■ Task statement
When writing out the entries below, keep only the lines from the line with "Hin Lek Fai" to the line with "KNDJD733365640917 - 2006", both included, exactly as they are, and leave the pictures aside.

■ Input data
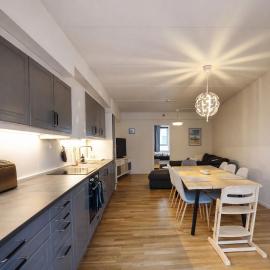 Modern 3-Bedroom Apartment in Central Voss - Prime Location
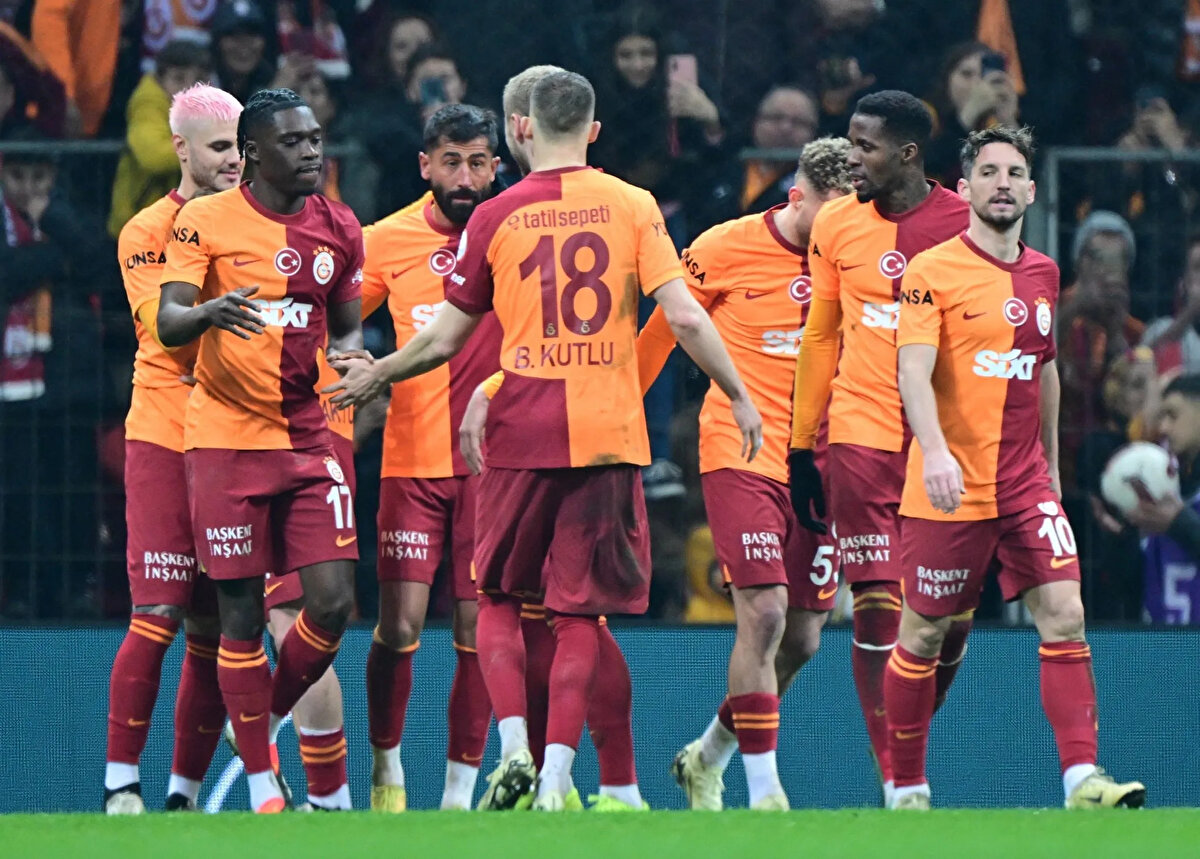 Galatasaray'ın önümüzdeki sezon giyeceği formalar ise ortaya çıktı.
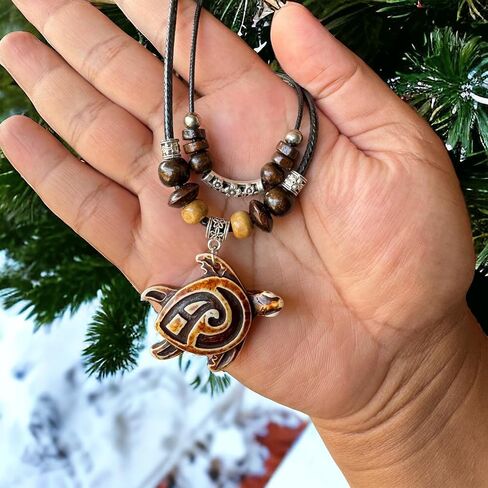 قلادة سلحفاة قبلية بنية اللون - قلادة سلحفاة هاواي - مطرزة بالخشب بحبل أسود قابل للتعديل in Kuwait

--

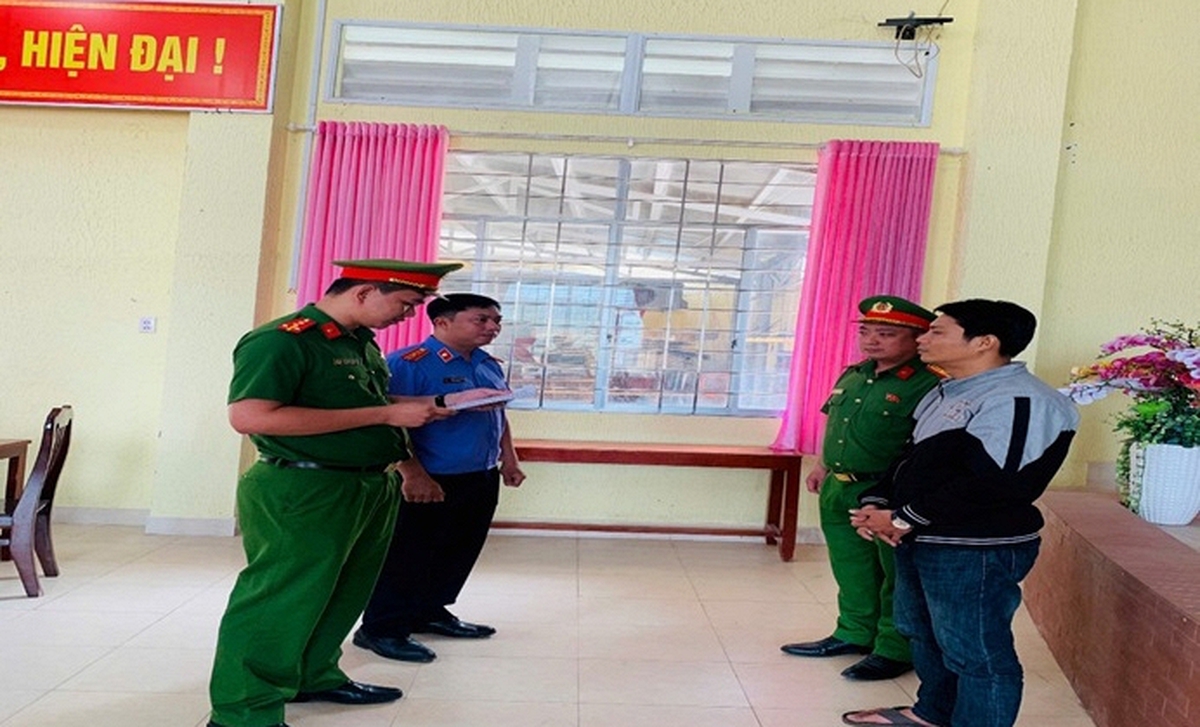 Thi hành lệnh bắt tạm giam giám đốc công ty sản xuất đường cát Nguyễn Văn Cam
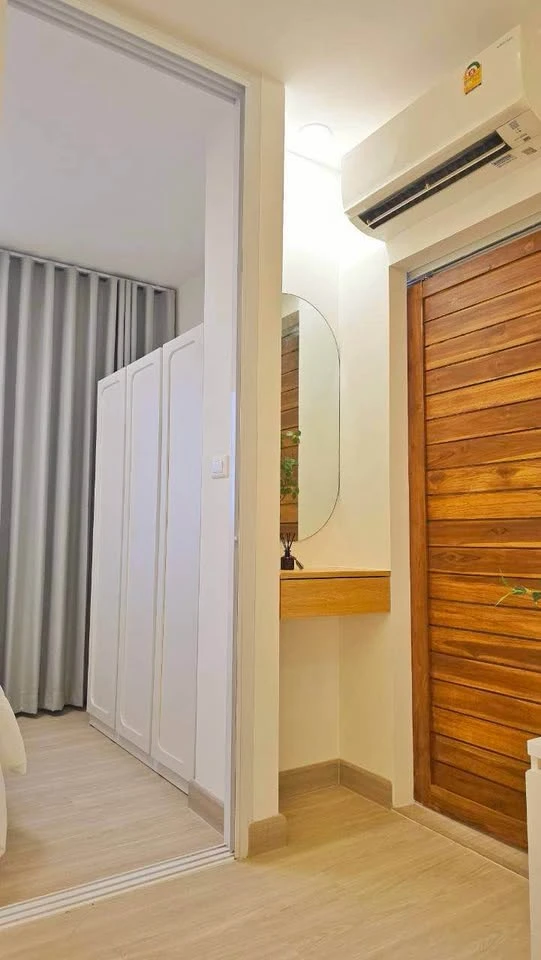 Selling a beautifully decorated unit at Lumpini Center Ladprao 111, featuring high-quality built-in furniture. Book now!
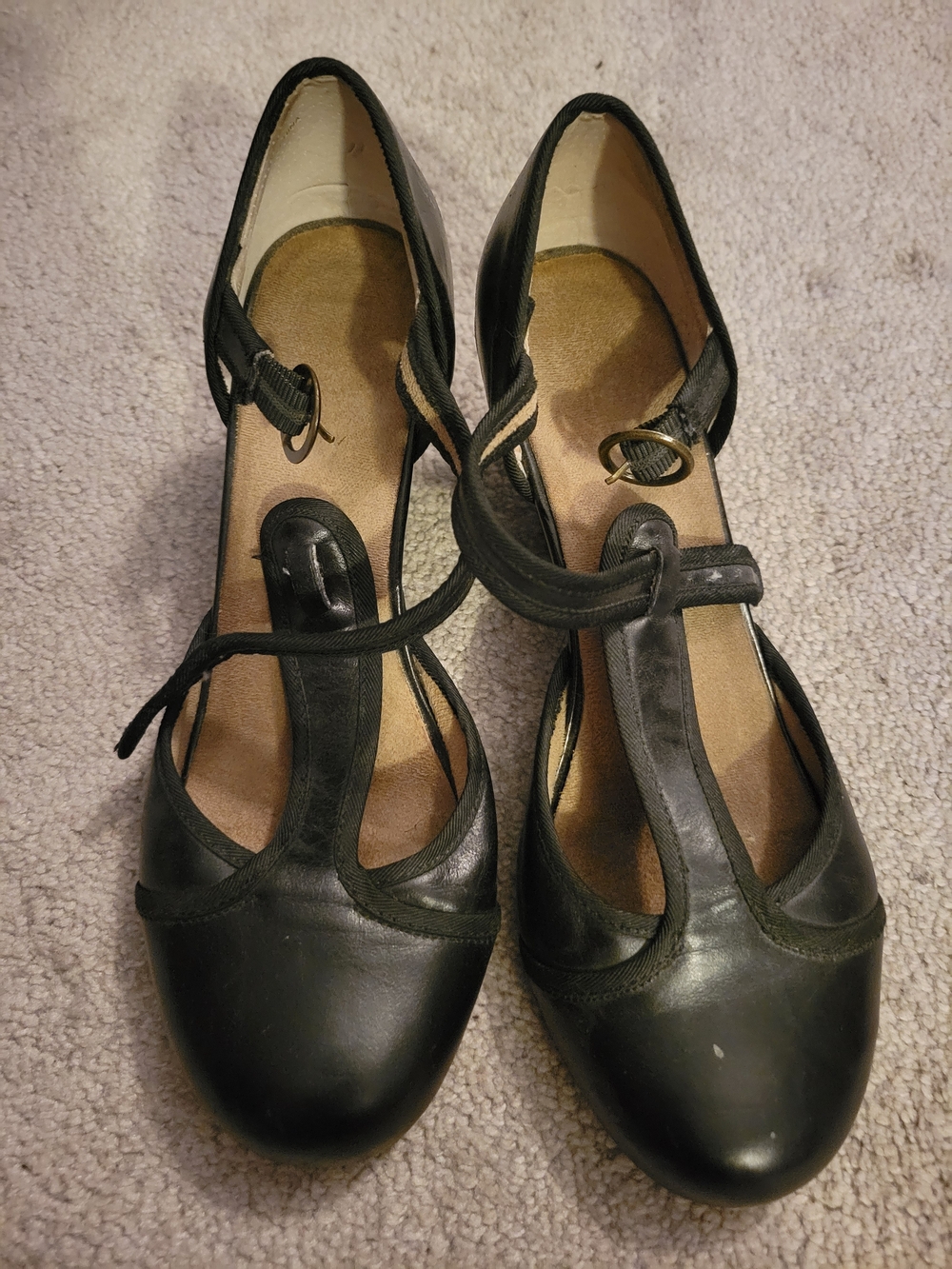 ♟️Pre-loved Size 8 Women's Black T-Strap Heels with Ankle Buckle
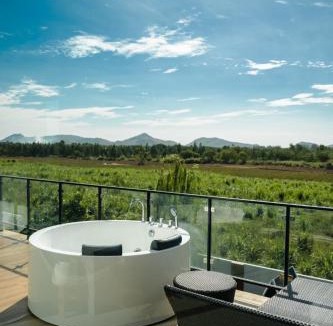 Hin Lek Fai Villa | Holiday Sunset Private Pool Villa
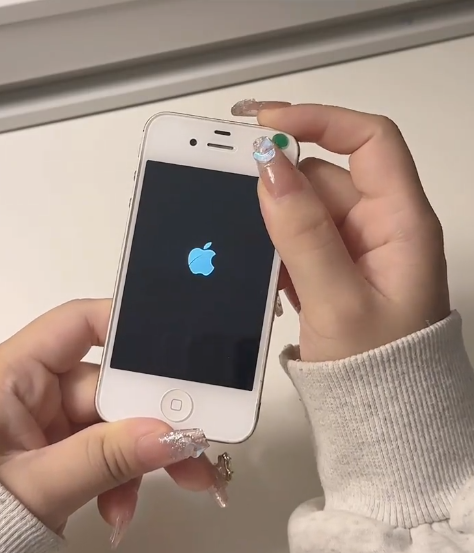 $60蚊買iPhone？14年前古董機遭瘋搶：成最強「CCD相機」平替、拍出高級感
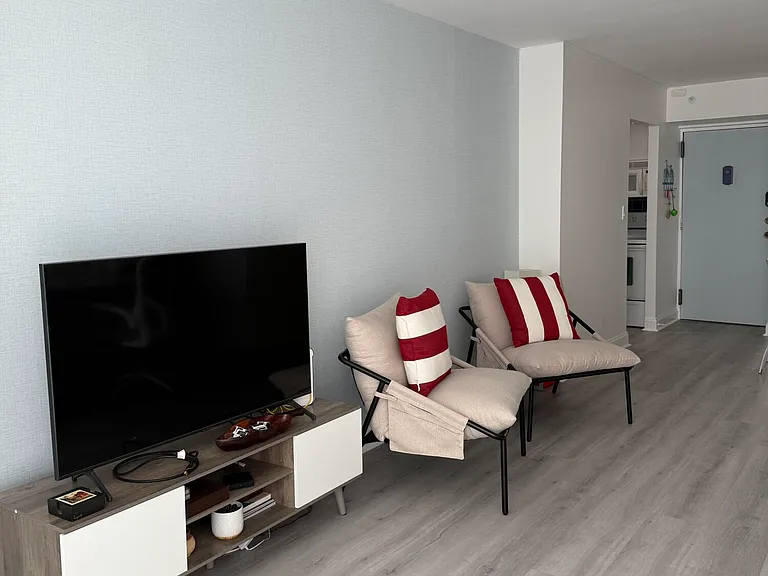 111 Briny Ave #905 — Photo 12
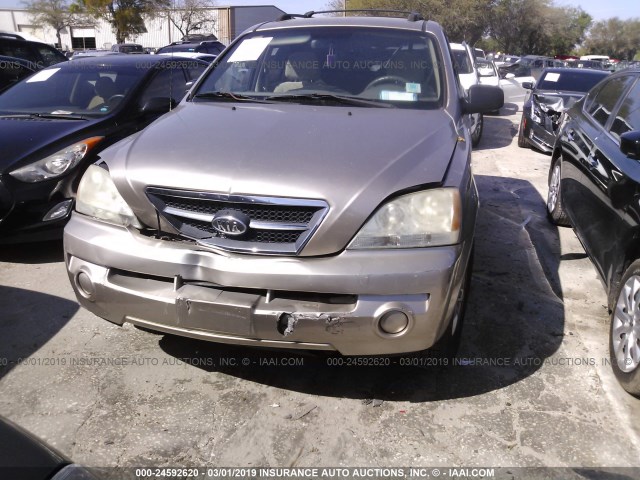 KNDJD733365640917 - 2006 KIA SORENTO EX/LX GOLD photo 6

■ Response for this exercise
 Hin Lek Fai Villa | Holiday Sunset Private Pool Villa
 $60蚊買iPhone？14年前古董機遭瘋搶：成最強「CCD相機」平替、拍出高級感
 111 Briny Ave #905 — Photo 12
 KNDJD733365640917 - 2006 KIA SORENTO EX/LX GOLD photo 6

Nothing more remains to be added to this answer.